What, exactly do they want to do with a blockchain and why? It’s a simple question.
Oh, they have some cryptocurrency token they want to sell. Gotcha.
You obviously won't talk about anything technical to do with the blockchain: how the consensus algorithm works and why you chose it, who sells the coins and why, why you need coins, what security guarantees it has, why having all nodes of a network sharing a copy of the same ledger and constantly engaging in a protocol to agree on the state of the ledger is at all a good idea, and so on and so on... You just want to argue with me a bit to muddle the waters so people side it's one side against another and the truth lies somewhere inbetween. Fact is, this project makes no sense.
Regarding the meaning of 'formalizing humans on the blockchain" - I think the point here is, social media and the nation-states (driver's licenses, passports) are the centralized entities that control formal identity - this project is layout out an approach to decentralize the ability for a person to claim a digital ID, which is a keystone challenge to be met for digital governance to not be overrun with bots and sybils like current social media platforms are.
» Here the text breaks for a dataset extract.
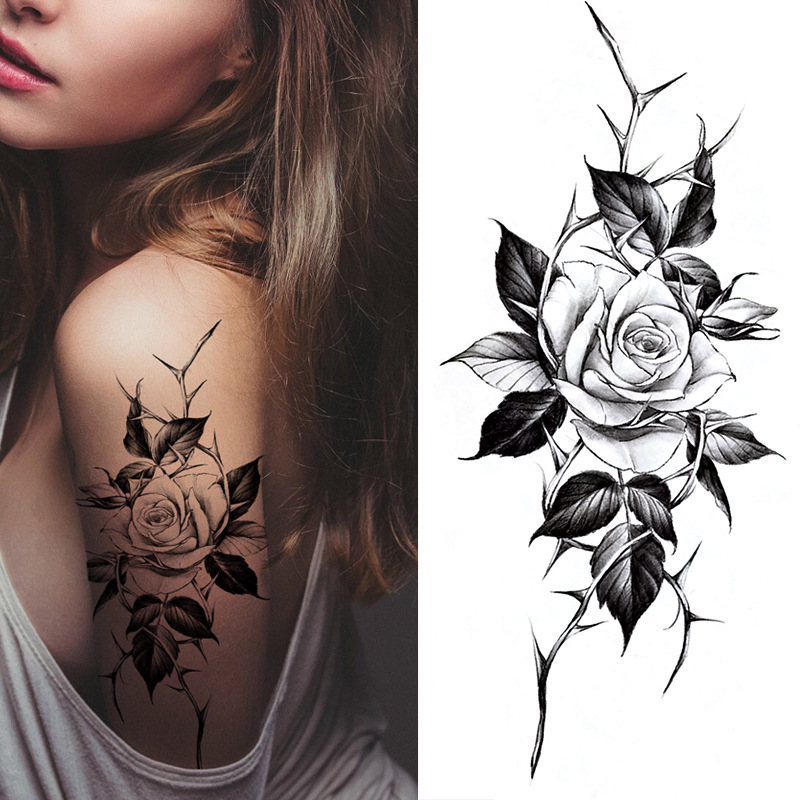 Tatuaje Temporal de Flores Boceto de Papel de Transferencia al Agua, Impresión por Transferencia de Agua, para Cuerpo image 54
Also if you research the co-founder, he is a college drop out game developer and founder of a political party in Argentina - pretty far from an MBA type.
Here’s my take: they want to enable voting online with some level of trust. One major problem with online voting is ensuring each voter only votes once. In traditional voting (e.g. for a political office) the government is the one ensuring each eligible voter only votes once. Since the point of this is to “decentralize” voting, they need a complicated cryptographic approach to stand in for the governments role in ensuring one person one vote instead.
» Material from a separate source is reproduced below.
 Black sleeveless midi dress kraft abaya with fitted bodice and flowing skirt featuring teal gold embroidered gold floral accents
Why do they have three types of coin they want to sell? So you’re suggesting the whole point of this is for voting with governments you don’t trust. Why would such a government implement this then? How does having the entire blockchain public to all help with voter anonymity? Do blockchain schemes actually have a good record of not being hacked (answer: hell no). The article never made any specific claims as simple as “we are using s blockchain because...”
Basically, they used a lot of buzzwords to try to confuse people into “investing” in their coins.
Even the hash of the video of the father declaring the birth of his daughter; all it proves is that the video was _created_ before some specific date. It _doesn't_ prove that the details in the video are real, or even that the video wasn't just created by an AI.